**Exercise brief:** Leave out all pictures while you copy the lines exactly from the one with "Hotel Posada Summit Suites" through the last line of the listing.

**Given records:**
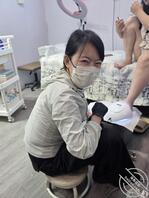 继续更新美甲师的大屁股0
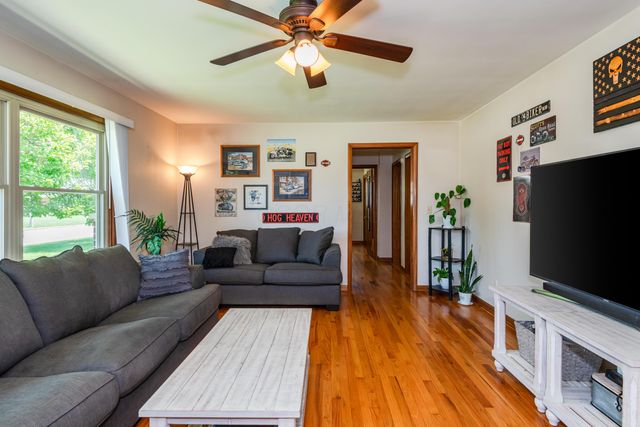 1566 Grimes Avenue, Urbana, OH 43078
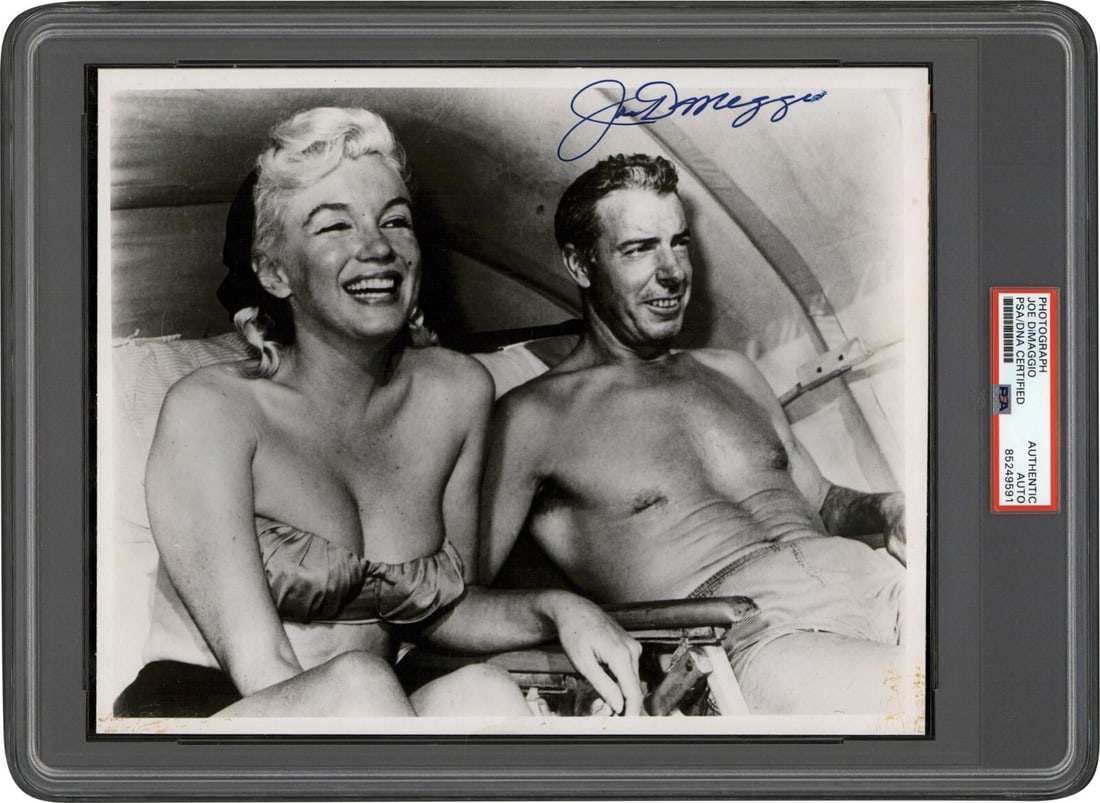 Joe DiMaggio Signed Beach Photo with Marilyn Monroe PSA Certified (1 of 2)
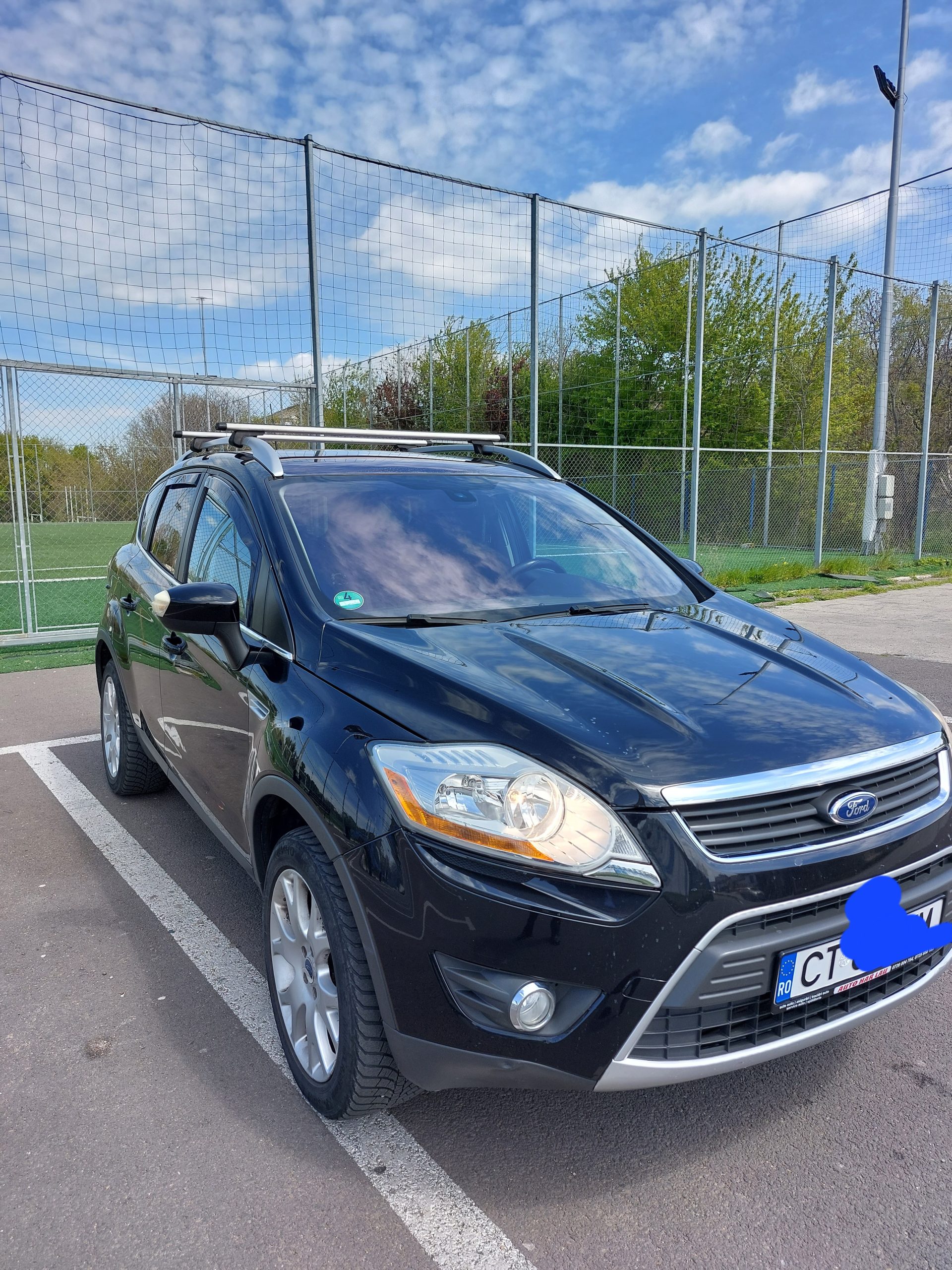 Ford kuga 2008 Decembrie Diesel, 2.0. Navigație cu cameră pe marșarier. Dublă climatizare. perfe.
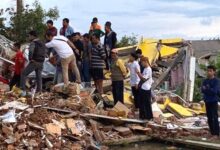 Photo of Cianjur Berduka: Gempa Magnitudo 5,6 Hancurkan Cianjur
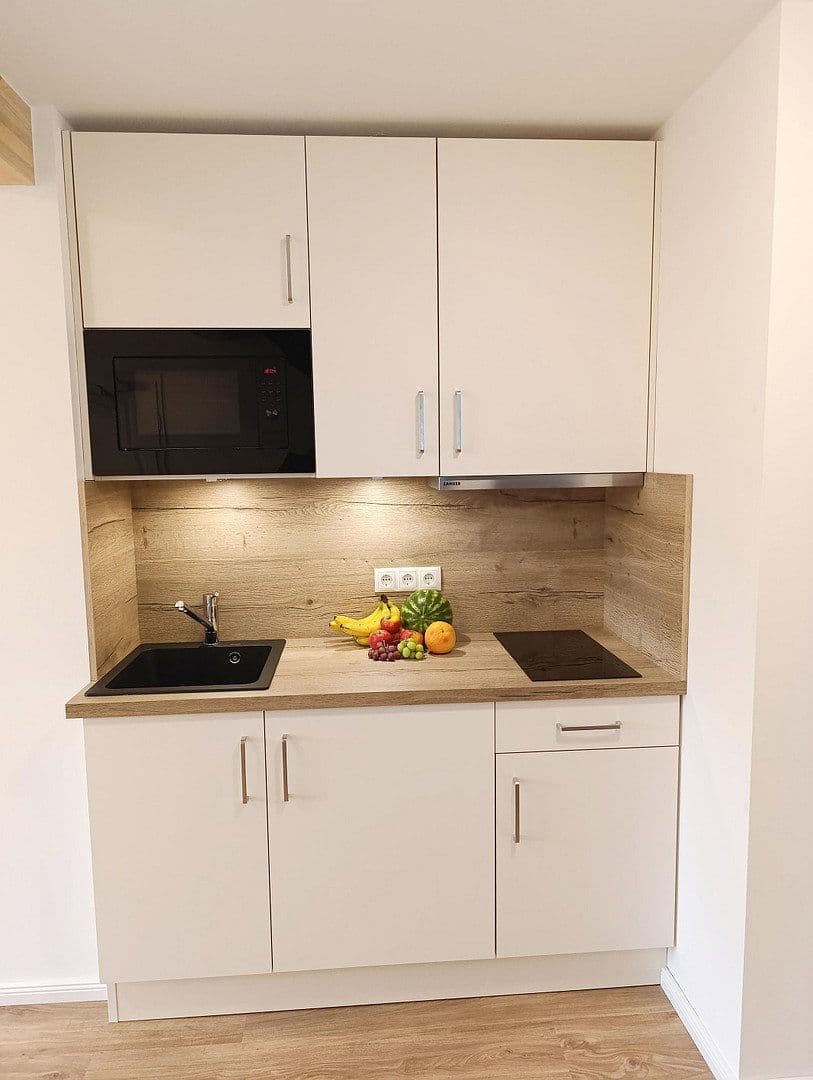 Pronájem bytu 2+1 36 m², Kiel, Šlesvicko-Holštýnsko Pronájem bytu 2+1 36 m², Kiel, Šlesvicko-Holštýnsko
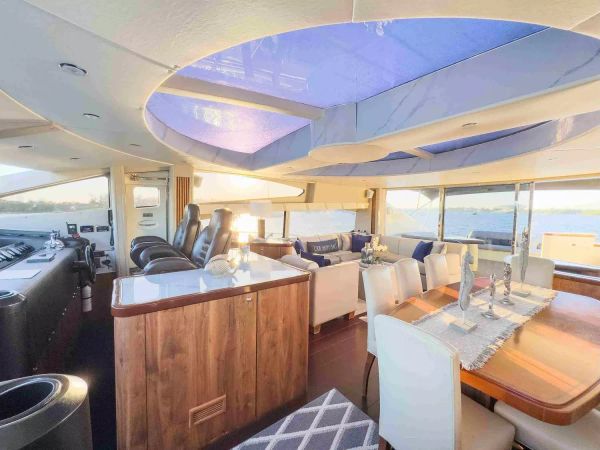 Sunseeker 82 | The Gambler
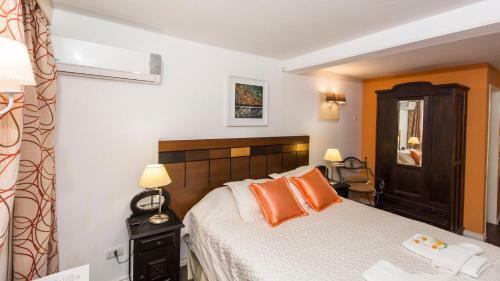 Hotel Posada Summit Suites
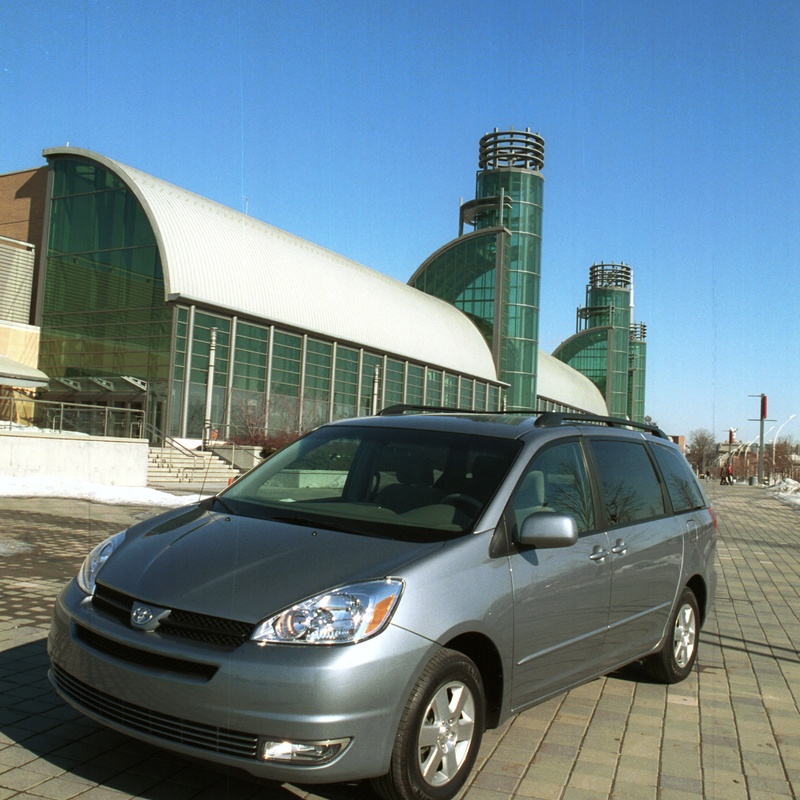 Toyota Sienna SE image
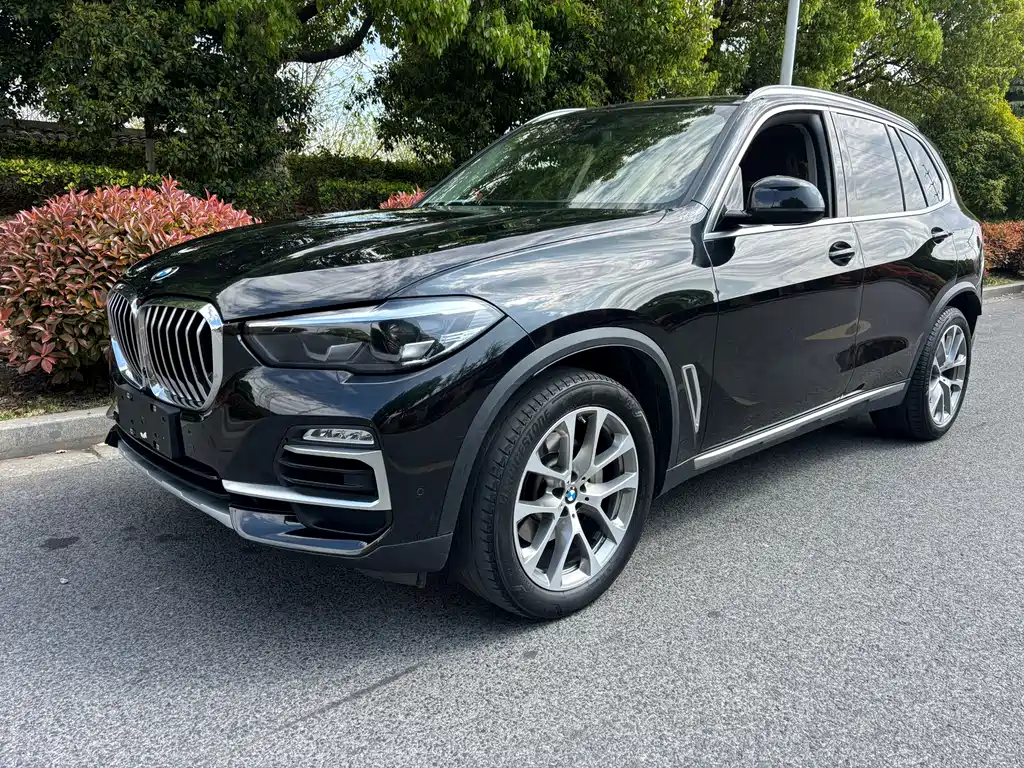 BMW X5 2021 — фото 1
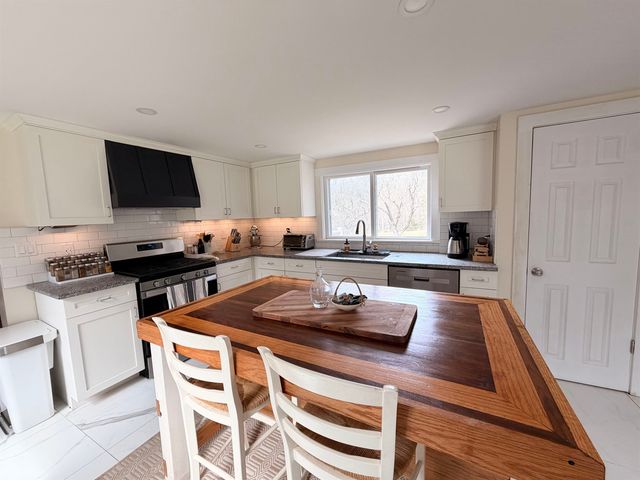 169 London Road, Westmoreland, NH 03467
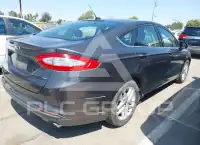 2016 Ford FUSION фото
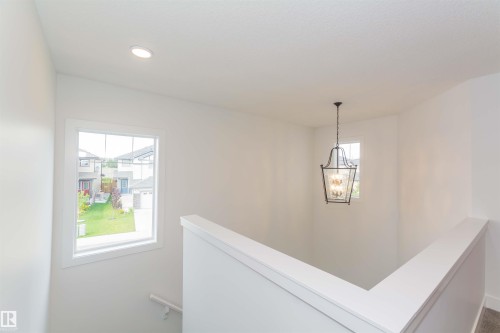 Corridor - 15168 16 Street Nw, Edmonton, AB 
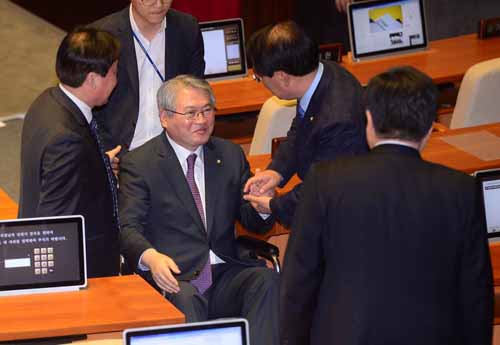 더불어민주당 김용익 의원이 26일 서울 여의도 국회 본회의장에서 테러방지법의 본회의 의결을 막기 위한 무제한 토론을 마친 후 동료의원들의 격려를 받고 있다. <사진제공=뉴시스>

**Reply:**
 Hotel Posada Summit Suites
 Toyota Sienna SE image
 BMW X5 2021 — фото 1
 169 London Road, Westmoreland, NH 03467
 2016 Ford FUSION фото
 Corridor - 15168 16 Street Nw, Edmonton, AB 
 더불어민주당 김용익 의원이 26일 서울 여의도 국회 본회의장에서 테러방지법의 본회의 의결을 막기 위한 무제한 토론을 마친 후 동료의원들의 격려를 받고 있다. <사진제공=뉴시스>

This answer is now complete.